Interessant ist ein Vergleich des aktuellen Karlsruher Urteils mit dem Verbotsurteil gegen die KPD von 1956. Die KPD hatte damals argumentiert, ihr Verbot sei unzulässig, weil das BRD-Grundgesetz dem Potsdamer Abkommen verpflichtet sei. Im Sinne dieses Abkommens sei die KPD eine gegen das NS-Regime gerichtete, „antifaschistische“ und von den Siegermächten lizensierte Partei.
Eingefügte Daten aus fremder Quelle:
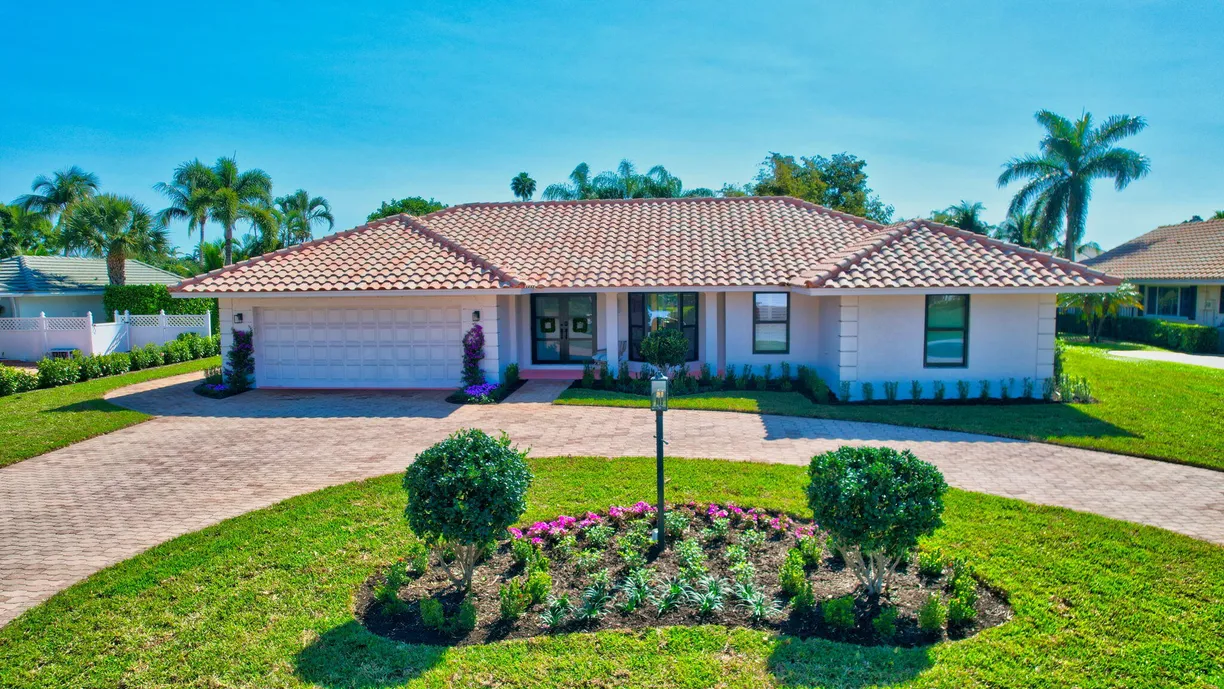 South Florida Real Estate | View 4730 S Lake Drive | 4 Beds, 3 Baths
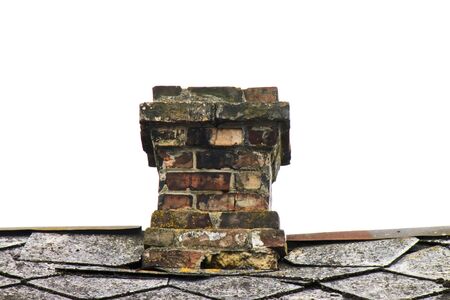 old chimney with a tile on a white backgroundの写真素材
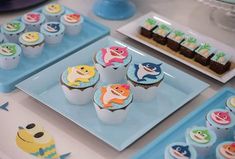 some cupcakes are sitting on blue trays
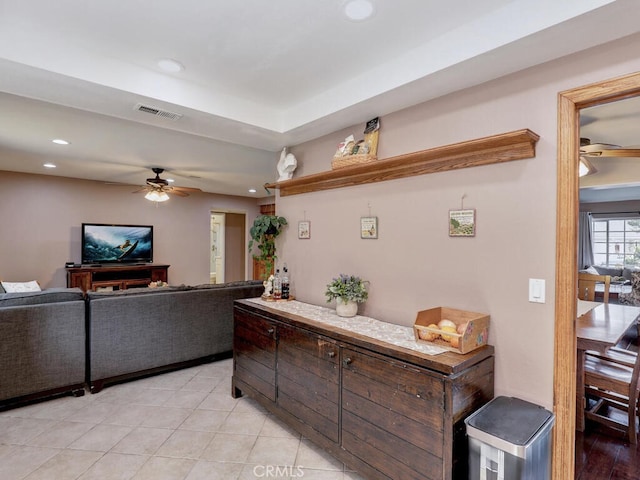 living area featuring light tile patterned floors, visible vents, recessed lighting, and ceiling fan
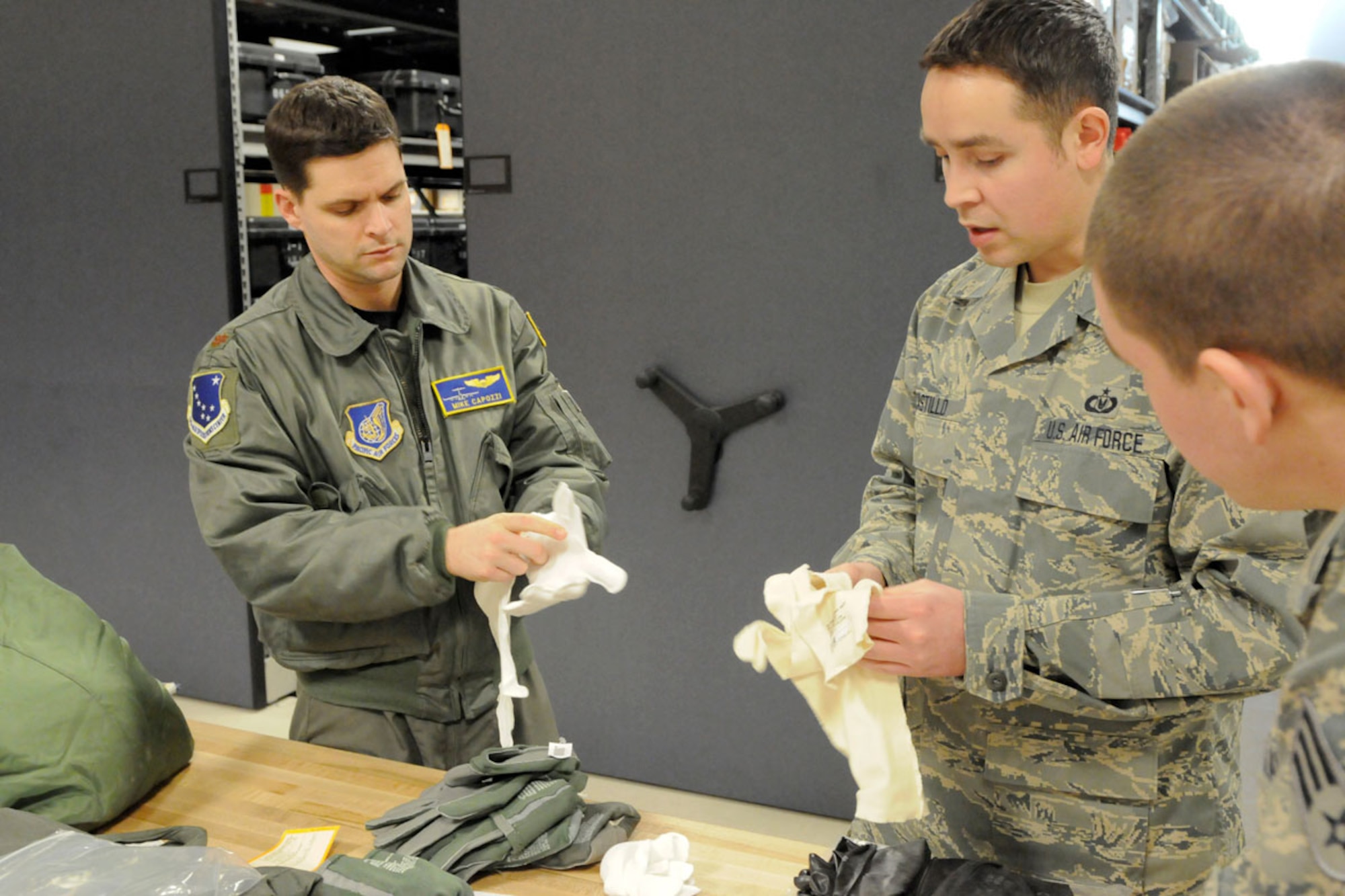 Air Force Maj. Mike Capozzi, 611th Operations Center, receives flight crew individual issue from Tech. Sgt. Ramiro Castillo, 517th Airlift Squadron at Joint Base Elmendorf-Richardson. (U.S. Air Force photo/Steven White)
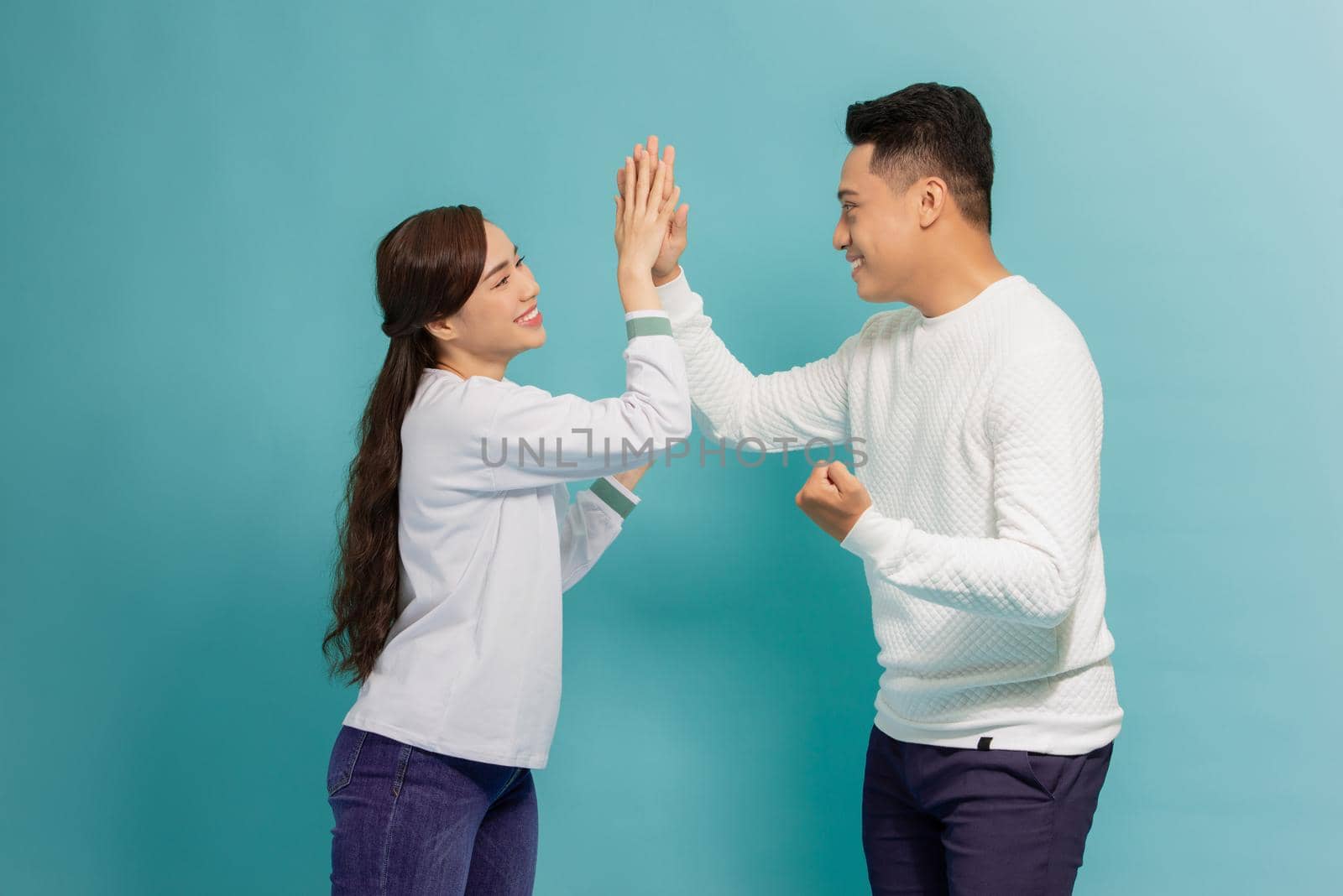 Portrait of a cheery young couple giving high five over blue background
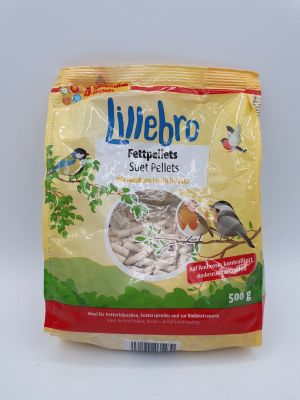 un sac de graines pour oiseaux posé sur une table blanche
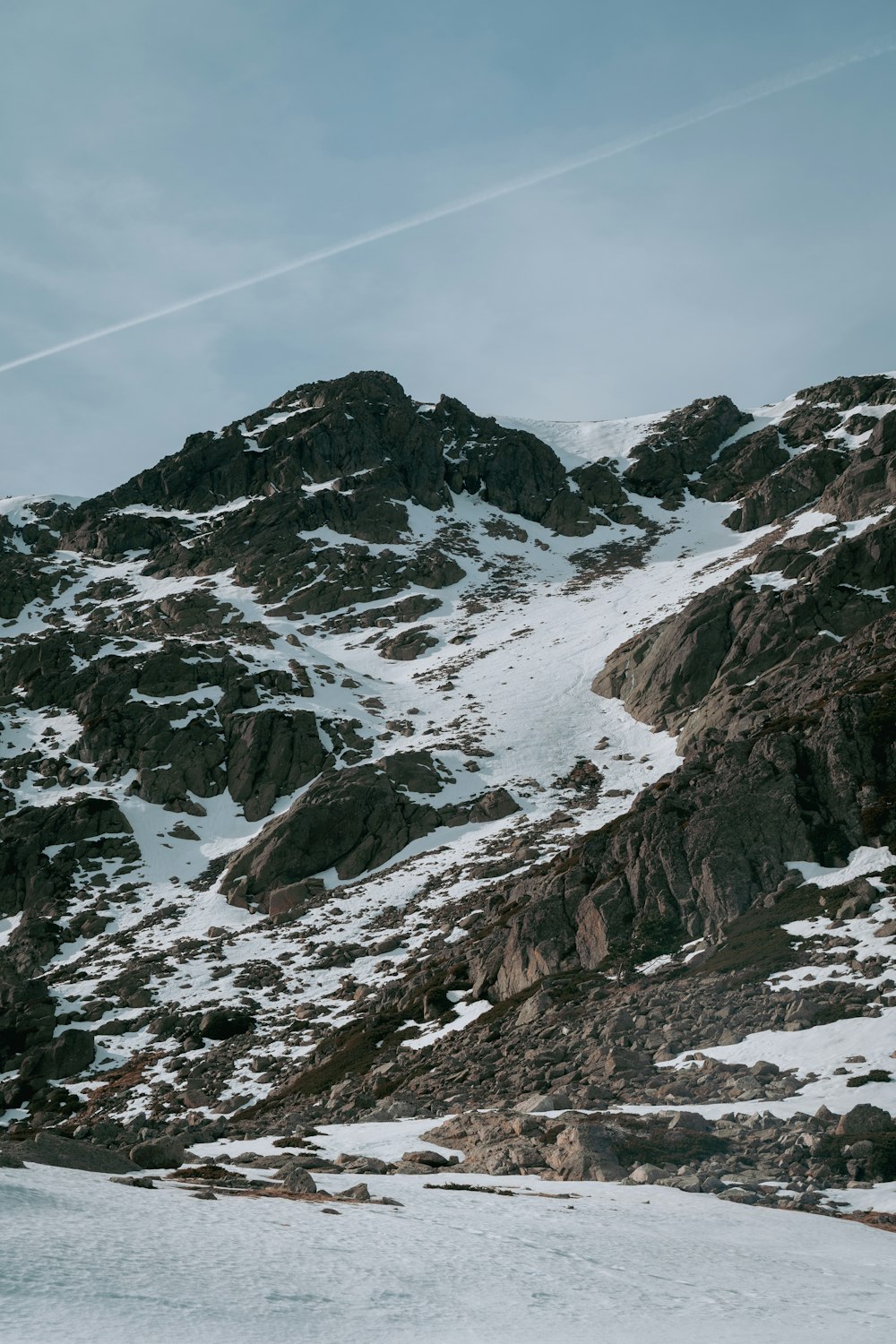 a snow covered mountain with a ski lift in the background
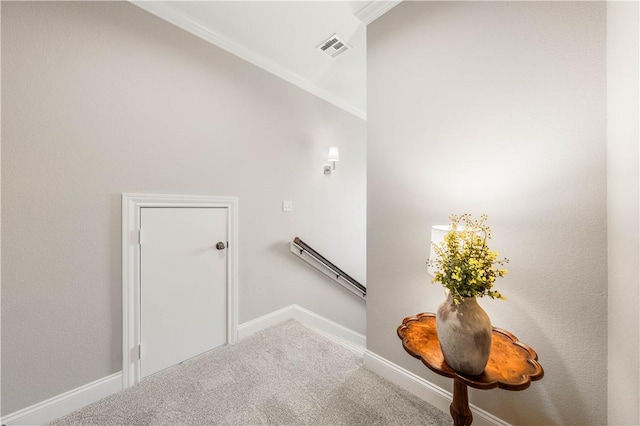 staircase featuring ornamental molding, carpet flooring, and a baseboard radiator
Das Gericht setzte dagegen das Recht der Bundesrepublik, ihre inneren Angelegenheiten antitotalitär, ohne antifaschistische Auflagen von außen zu gestalten: „In der Völkerrechtslehre ist umstritten, ob unter besonderen Voraussetzungen durch völkerrechtliche Abmachungen einem am Vertragsabschluß nicht beteiligten Staat verbindliche Auflagen gemacht werden können.“

Unter den Bedingungen des Kalten Krieges, als der Westen die Bundesrepublik als Glacis gegen die Sowjetunion benötigte, durften solche Ausflüge in die Souveränität gewagt werden. Nachdem das sowjetische Imperium zusammengebrochen und Deutschland nur noch von Freunden umgeben ist, kehrt es in seine Rolle als Verweser des welthistorisch Bösen zurück, der unter fürsorglicher Vormundschaft steht. Wie das Karlsruher Urteil zeigt, nimmt es diese Funktion inzwischen auch höchstrichterlich an.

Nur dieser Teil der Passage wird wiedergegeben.